Understanding climate-related mobility in contexts of urbanization

This policy brief was originally published via the United Nations University Centre for Policy Research (UNU-CPR). It is written by Jin-ho Chung, a Research Fellow at UNU-CPR and a Researcher at the University of Oxford.

A new UNU-CPR policy brief explores the relationships between climate-related mobility and urbanization processes in the Global South – and outlines several policy recommendations to address the challenges this form of mobility poses and the vulnerabilities that climate migrants are forced to endure in urban areas.

The recommendations put forward in the brief are a synthesis of ideas and solutions presented at a UNU-CPR migration policy roundtable, which brought together UN agencies, Member States, NGOs, civil society organizations, academia, and others with an interest in better understanding the policy implications of climate-related mobility.

The brief examines the problems associated with projected migration patterns and explains how focusing the discussion of climate-related mobility on urban contexts encourages a more comprehensive understanding of the many developmental and structural conditions affecting climate-related migrants.
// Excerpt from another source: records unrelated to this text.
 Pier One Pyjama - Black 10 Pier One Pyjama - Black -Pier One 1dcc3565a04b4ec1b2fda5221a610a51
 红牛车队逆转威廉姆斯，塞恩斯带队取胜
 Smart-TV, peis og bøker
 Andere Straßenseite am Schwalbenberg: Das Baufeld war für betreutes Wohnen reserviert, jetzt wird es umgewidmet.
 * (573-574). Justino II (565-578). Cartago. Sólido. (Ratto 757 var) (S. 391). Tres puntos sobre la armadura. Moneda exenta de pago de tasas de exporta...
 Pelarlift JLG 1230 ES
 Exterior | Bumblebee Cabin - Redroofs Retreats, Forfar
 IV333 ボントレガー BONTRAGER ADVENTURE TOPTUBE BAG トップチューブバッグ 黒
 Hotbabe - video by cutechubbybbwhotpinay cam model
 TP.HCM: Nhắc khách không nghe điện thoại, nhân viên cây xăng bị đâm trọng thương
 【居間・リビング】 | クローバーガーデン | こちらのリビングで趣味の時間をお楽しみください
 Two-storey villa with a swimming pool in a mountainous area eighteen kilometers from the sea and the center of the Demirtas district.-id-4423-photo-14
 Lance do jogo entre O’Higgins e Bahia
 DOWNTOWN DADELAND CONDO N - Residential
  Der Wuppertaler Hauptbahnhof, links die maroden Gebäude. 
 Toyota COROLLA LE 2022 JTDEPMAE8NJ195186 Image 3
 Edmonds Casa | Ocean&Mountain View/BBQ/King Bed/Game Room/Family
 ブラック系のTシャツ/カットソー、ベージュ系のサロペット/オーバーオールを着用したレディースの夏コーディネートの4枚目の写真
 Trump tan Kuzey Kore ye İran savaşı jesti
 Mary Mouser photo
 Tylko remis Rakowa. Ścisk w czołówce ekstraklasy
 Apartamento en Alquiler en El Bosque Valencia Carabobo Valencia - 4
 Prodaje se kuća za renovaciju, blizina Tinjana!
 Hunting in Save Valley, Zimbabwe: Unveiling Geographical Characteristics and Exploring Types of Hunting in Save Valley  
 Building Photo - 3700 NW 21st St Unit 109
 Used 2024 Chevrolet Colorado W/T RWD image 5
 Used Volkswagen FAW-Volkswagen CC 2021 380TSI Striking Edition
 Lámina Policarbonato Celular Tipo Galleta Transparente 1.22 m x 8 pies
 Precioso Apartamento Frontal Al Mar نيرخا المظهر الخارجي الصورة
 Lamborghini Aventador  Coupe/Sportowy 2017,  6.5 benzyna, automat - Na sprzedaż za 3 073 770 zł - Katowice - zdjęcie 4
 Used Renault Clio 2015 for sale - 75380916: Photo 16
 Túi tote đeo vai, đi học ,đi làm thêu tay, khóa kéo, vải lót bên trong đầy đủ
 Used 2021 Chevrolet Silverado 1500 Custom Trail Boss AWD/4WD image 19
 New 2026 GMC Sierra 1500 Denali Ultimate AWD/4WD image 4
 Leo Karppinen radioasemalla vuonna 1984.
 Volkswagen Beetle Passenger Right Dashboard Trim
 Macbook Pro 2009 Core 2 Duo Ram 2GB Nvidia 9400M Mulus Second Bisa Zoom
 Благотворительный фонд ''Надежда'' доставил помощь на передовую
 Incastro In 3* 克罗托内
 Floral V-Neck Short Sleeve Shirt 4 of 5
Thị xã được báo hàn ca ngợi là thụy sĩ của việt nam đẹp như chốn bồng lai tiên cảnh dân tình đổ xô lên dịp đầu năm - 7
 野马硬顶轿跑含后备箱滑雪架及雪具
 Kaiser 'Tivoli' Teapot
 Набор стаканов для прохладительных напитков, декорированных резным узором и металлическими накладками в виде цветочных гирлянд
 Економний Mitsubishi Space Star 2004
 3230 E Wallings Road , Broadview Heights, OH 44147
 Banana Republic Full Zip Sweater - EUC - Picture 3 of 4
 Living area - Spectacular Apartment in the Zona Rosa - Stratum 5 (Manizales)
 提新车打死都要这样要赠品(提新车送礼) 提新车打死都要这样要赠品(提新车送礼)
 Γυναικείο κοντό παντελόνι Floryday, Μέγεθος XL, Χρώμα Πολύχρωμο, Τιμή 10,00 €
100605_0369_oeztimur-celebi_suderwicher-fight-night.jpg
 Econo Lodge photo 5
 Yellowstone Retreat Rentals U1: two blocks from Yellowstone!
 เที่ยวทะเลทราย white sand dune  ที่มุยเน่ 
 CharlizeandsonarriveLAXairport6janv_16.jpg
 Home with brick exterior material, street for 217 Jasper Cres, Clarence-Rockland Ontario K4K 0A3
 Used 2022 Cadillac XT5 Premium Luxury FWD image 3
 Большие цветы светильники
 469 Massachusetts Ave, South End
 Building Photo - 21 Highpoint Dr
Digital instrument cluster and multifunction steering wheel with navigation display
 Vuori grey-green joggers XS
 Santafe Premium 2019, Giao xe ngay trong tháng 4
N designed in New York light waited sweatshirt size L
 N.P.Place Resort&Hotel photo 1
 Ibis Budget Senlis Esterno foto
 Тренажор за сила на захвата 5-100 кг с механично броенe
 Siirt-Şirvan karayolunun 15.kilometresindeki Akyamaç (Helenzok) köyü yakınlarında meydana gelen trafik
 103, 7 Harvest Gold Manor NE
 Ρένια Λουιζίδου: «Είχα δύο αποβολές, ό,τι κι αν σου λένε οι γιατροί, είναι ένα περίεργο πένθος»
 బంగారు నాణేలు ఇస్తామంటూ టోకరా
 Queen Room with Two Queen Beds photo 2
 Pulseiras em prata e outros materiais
  • Climate-related mobility and other climate change adaptation responses should be addressed in the local policy context and within broader developmental processes.
  • Identify the specific vulnerabilities of climate-related migrants in cities in the context of structural inequalities, such as the limitations of citizenship, poor living conditions, social exclusion, and poor job security.
  • Policy interconnectivity is critical across different levels of mobility and urban governance, especially in relation to labour migration, public health, human rights, and gender equality.
  • The nexus between climate-related mobility and urbanization in the Global South should be addressed at the United Nations Climate Change Conference of the Parties (COP).